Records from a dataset
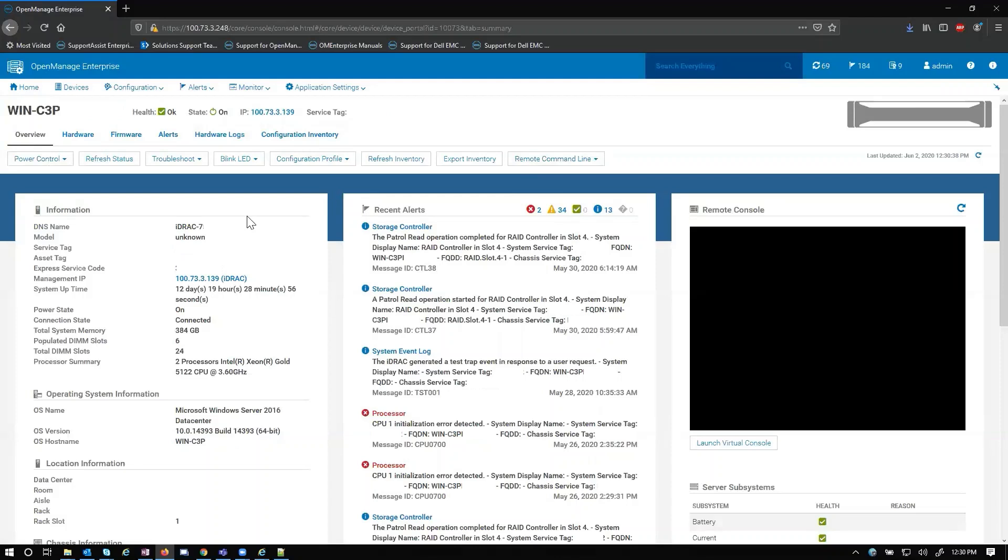We'll start with just the overview tab and what we'll notice is that we have some health sensors, we have our most recent alerts filtered to just this device, we have the ability to launch virtual console, and we have different information like system uptime, management IP, just a snapshot of some info about the device.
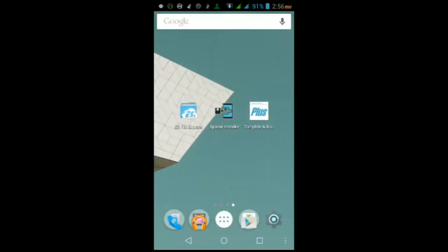What is up you guys, it is the Mice 45 here and in this video I'm going to be showing you guys how to customize the complete action using menu on Android with an Xposed module called Complete Action Plus.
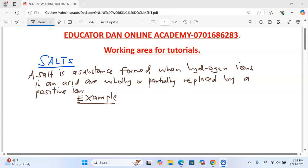Welcome to the discussions. We are looking at Form 2 chemistry, a topic on salts. In this topic we are going to look at the meaning of a salt, types of salts, methods of preparing salts, their solubility, and also the uses of salts.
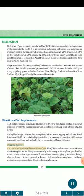Cropping systems: Black gram is cultivated in three different seasons — Kharif, Rabi and summer — but maximum area is under Kharif season, mostly as intercrop with sorghum, pearl millet, maize, etc.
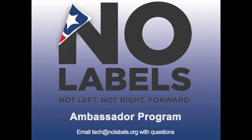Once again, thank you for signing up to be a No Labels phone ambassador. If you have any additional questions, please email tech@nolabels.org or give us a call at 202-588-1990.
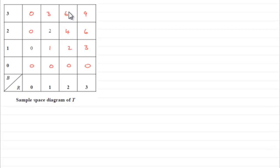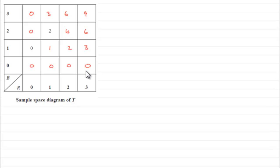So to get for instance that 6, all you've got to do is multiply the 3 with the 2. 3 times 2 is the 6. And fill in the other values. Very easy.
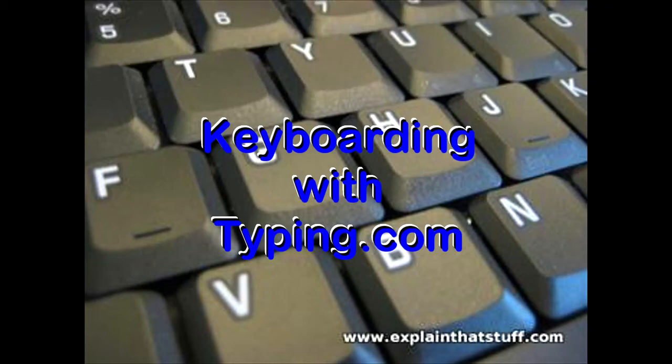In this video, we will look at how you can practice your keyboarding skills in typing.com.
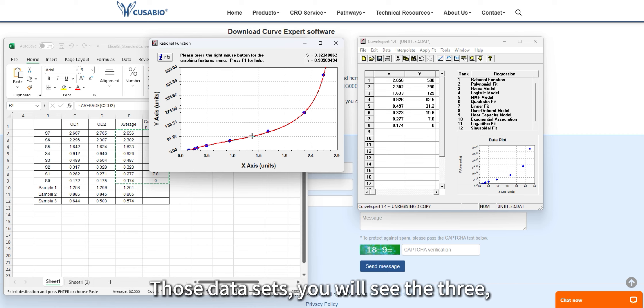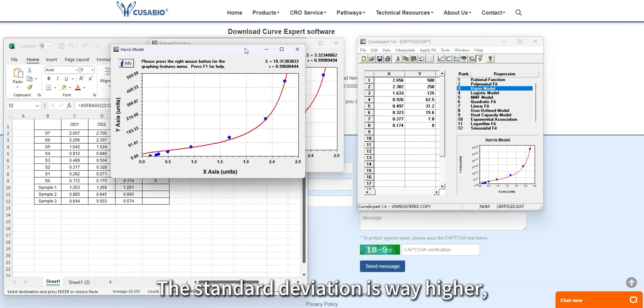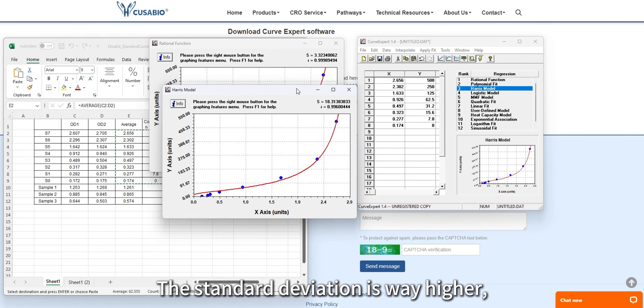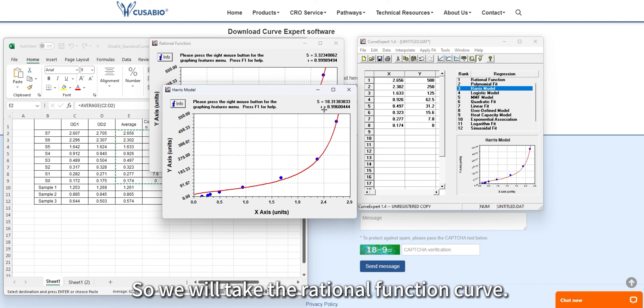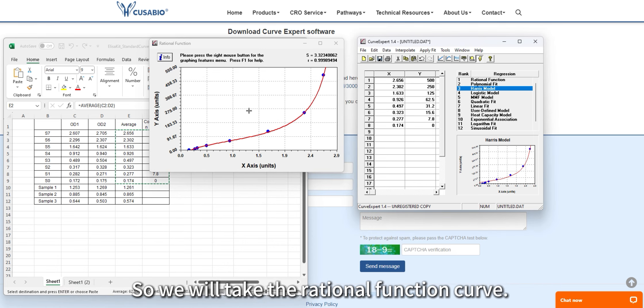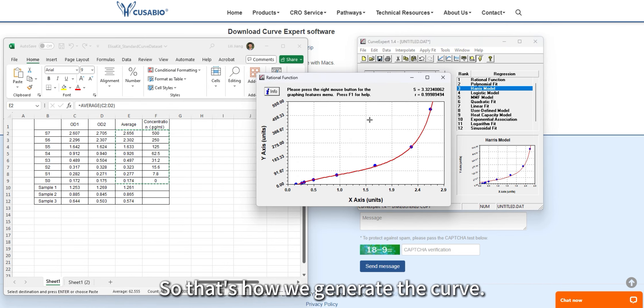The third-ranked Harris model has a much higher standard deviation, and the R value is smaller than the top-ranked rational function. So we will take the rational function curve. That's how we generate the curve.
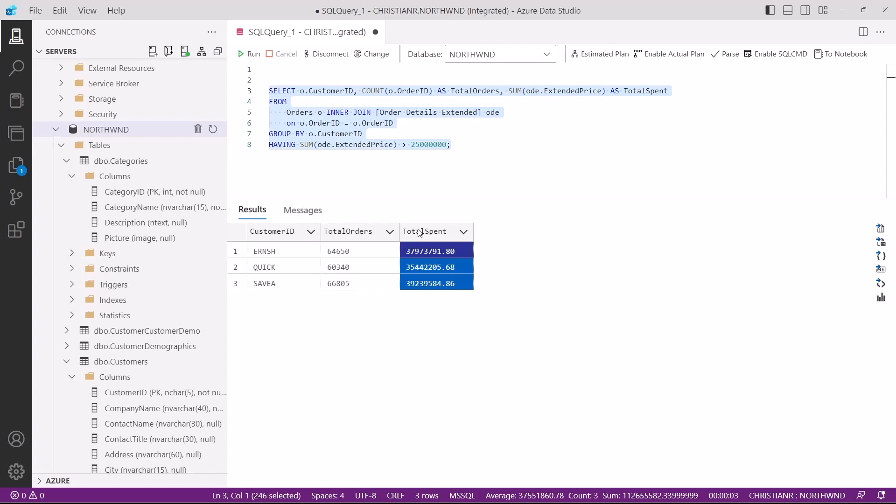The having clause is your tool for filtering grouped data based on aggregate values, allowing you to extract insights from your data that meet specific criteria. It's essential for tasks like identifying high value customers, outliers, or groups that meet certain conditions.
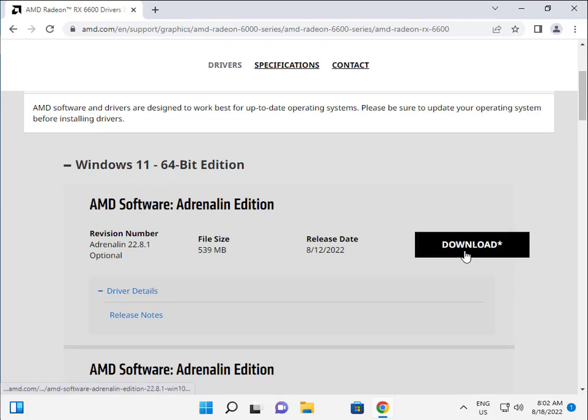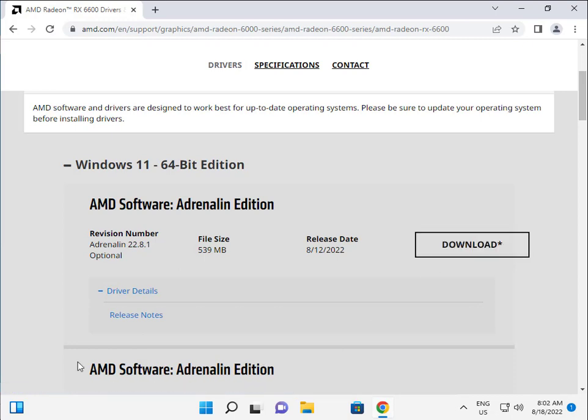Once the download is finished, double-click to launch the installer, then click Next, Next, Next, and then restart your system. Very simple steps, guys.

■ **INSTRUCTIONS FOR THE TASK**: Find the line containing "In this video, we" in the records above, then copy it and every line after it exactly, through the last one, without any pictures.

■ **WRITTEN SOLUTION**:
In this video, we will look at how you can practice your keyboarding skills in typing.com.
The third-ranked Harris model has a much higher standard deviation, and the R value is smaller than the top-ranked rational function. So we will take the rational function curve. That's how we generate the curve.
The having clause is your tool for filtering grouped data based on aggregate values, allowing you to extract insights from your data that meet specific criteria. It's essential for tasks like identifying high value customers, outliers, or groups that meet certain conditions.
Once the download is finished, double-click to launch the installer, then click Next, Next, Next, and then restart your system. Very simple steps, guys.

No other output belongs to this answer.